The second option, for use with SIMX, is to dump the events into a SIMPUT file:
events.write_simput_file("my_events", clobber=True, emin=0.1, emax=10.0)
which will write two files, "my_events_phlist.fits"
and
"my_events_simput.fits"
, the former being a auxiliary file for the
latter.
Note
You can only write SIMPUT files if you didn’t convolve the photons with responses, since the idea is to pass unconvolved photons to the telescope simulator.
The following images were made from the same yt-generated events in both MARX and SIMX. They are 200 ks observations of the two example clusters from above (the Chandra images have been reblocked by a factor of 4):
In November 2015, the structure of the photon and event HDF5 files changed. To
convert an old-format file to the new format, use the convert_old_file
utility:
from yt.analysis_modules.photon_simulator.api import convert_old_file
convert_old_file("old_photons.h5", "new_photons.h5", clobber=True)

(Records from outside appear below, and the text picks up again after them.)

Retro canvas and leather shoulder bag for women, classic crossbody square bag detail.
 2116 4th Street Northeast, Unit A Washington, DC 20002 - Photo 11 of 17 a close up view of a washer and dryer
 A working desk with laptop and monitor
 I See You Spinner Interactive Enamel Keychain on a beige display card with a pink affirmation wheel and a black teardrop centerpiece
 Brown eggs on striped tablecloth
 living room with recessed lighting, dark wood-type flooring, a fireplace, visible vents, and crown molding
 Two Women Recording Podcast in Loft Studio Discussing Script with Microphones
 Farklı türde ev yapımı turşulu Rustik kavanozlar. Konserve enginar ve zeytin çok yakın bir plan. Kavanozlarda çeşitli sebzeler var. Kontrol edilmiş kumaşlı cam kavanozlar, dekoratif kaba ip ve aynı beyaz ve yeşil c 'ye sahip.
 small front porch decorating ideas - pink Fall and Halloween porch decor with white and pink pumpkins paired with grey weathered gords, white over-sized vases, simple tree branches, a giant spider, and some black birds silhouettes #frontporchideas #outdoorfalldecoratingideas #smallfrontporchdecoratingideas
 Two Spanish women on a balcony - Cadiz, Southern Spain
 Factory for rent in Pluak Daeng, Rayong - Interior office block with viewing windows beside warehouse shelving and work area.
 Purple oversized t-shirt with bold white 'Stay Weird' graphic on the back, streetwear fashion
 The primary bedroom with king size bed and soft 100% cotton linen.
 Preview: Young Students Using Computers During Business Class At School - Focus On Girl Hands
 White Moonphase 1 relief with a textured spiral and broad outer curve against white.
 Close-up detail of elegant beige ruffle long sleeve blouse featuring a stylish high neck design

convert_old_file("old_events.h5", "new_events.h5", clobber=True)
This utility will auto-detect the kind of file (photons or events) and will write the correct replacement for the new version.
At times it may be convenient to write several EventLists
to disk to be merged
together later. This can be achieved with the merge_files
utility. It takes a
list of
from yt.analysis_modules.photon_simulator.api import merge_files
merge_files(["events_0.h5", "events_1.h5", "events_2.h5"], "merged_events.h5",
add_exposure_times=True, clobber=False)
At the current time this utility is very limited, as it only allows merging of
EventLists
which have the same parameters, with the exception of the exposure
time. If the add_exposure_times
argument to merge_files
is set to True
,
the lists will be merged together with the exposure times added. Otherwise, the
exposure times of the different files must be equal.